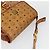 Borsa a Spalla MCM Vicetos Logogram in Pelle PVC Marrone Oro Auth BA9893 D'oro - vista 6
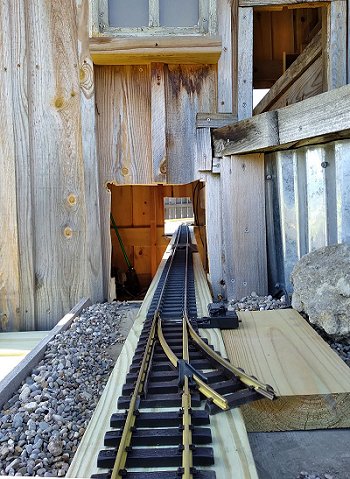 The ROW's passage through the train shed, shown from the east side.  Click for bigger photo.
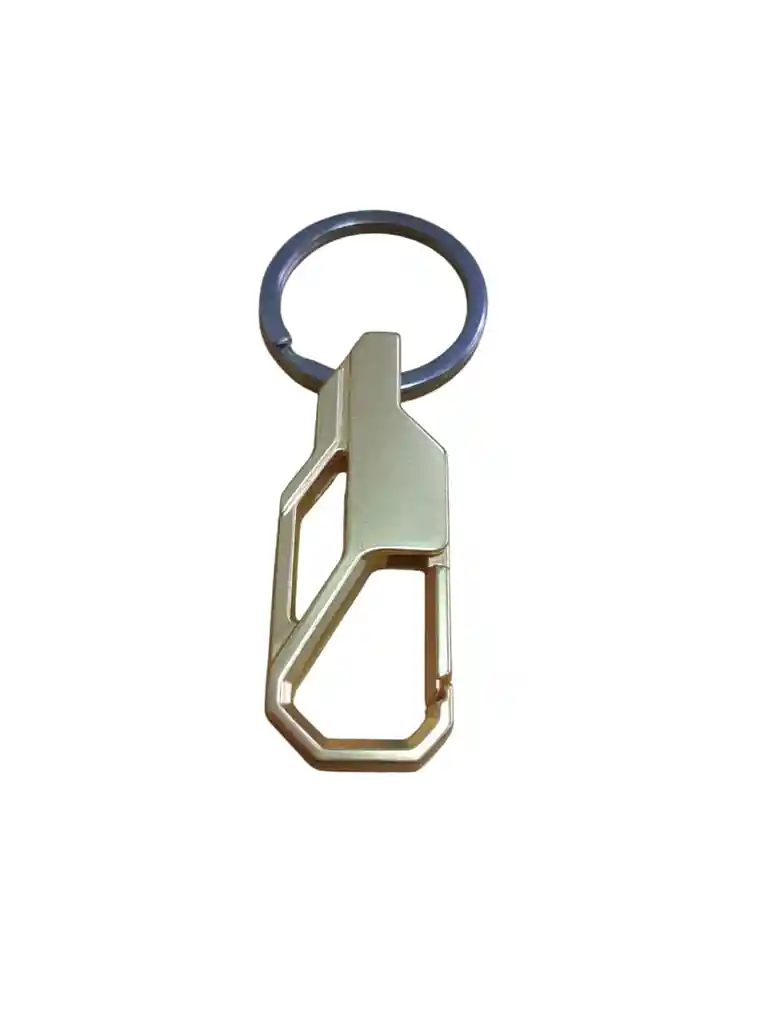 Llavero Metalico Tipo Gancho Dorado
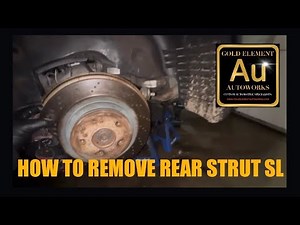 How To Remove Rear ABC Strut Mercedes SL R230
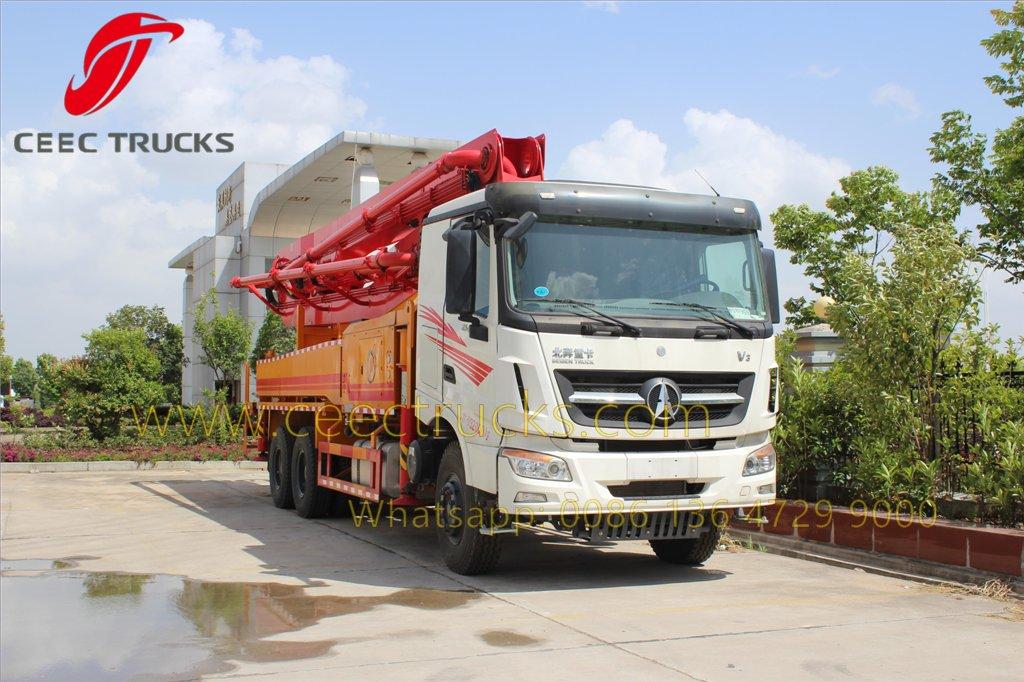 beiben concrete pump truck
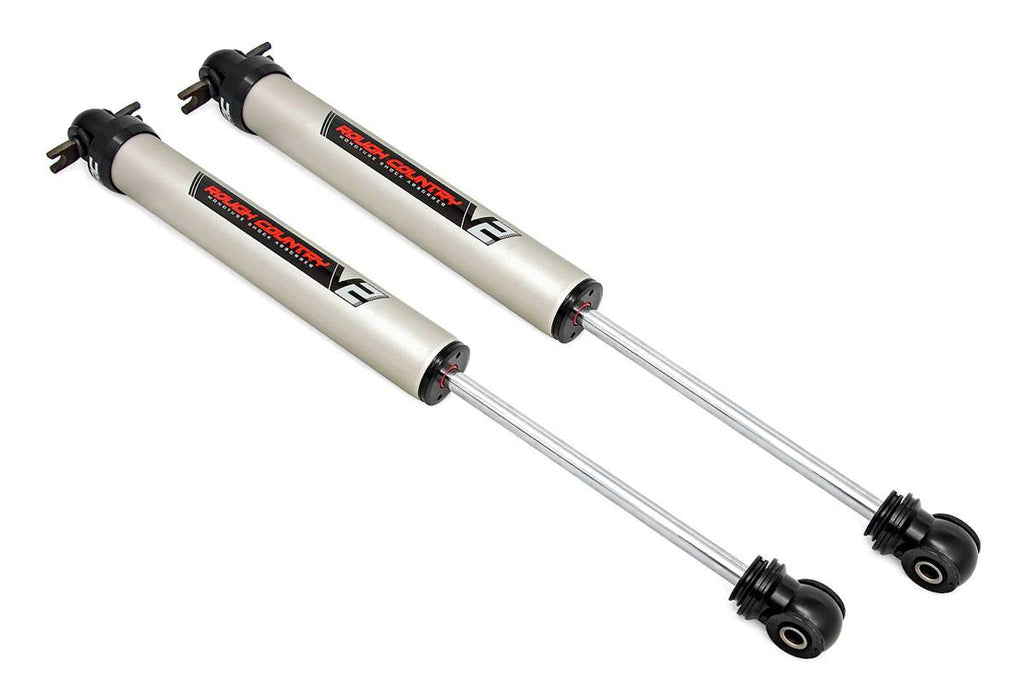 V2 Rear Shocks 5.5-8 Inch Chevy Half-Ton Suburban 2WD (1992-1999) Rough Country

□ □ □ □

Directions: Above is the material; set down exactly its lines from the one containing "The ROW's passage" down to the one containing "beiben concrete pump truck", both included, leaving out any pictures.

Solution for this task:
 The ROW's passage through the train shed, shown from the east side.  Click for bigger photo.
 Llavero Metalico Tipo Gancho Dorado
 How To Remove Rear ABC Strut Mercedes SL R230
 beiben concrete pump truck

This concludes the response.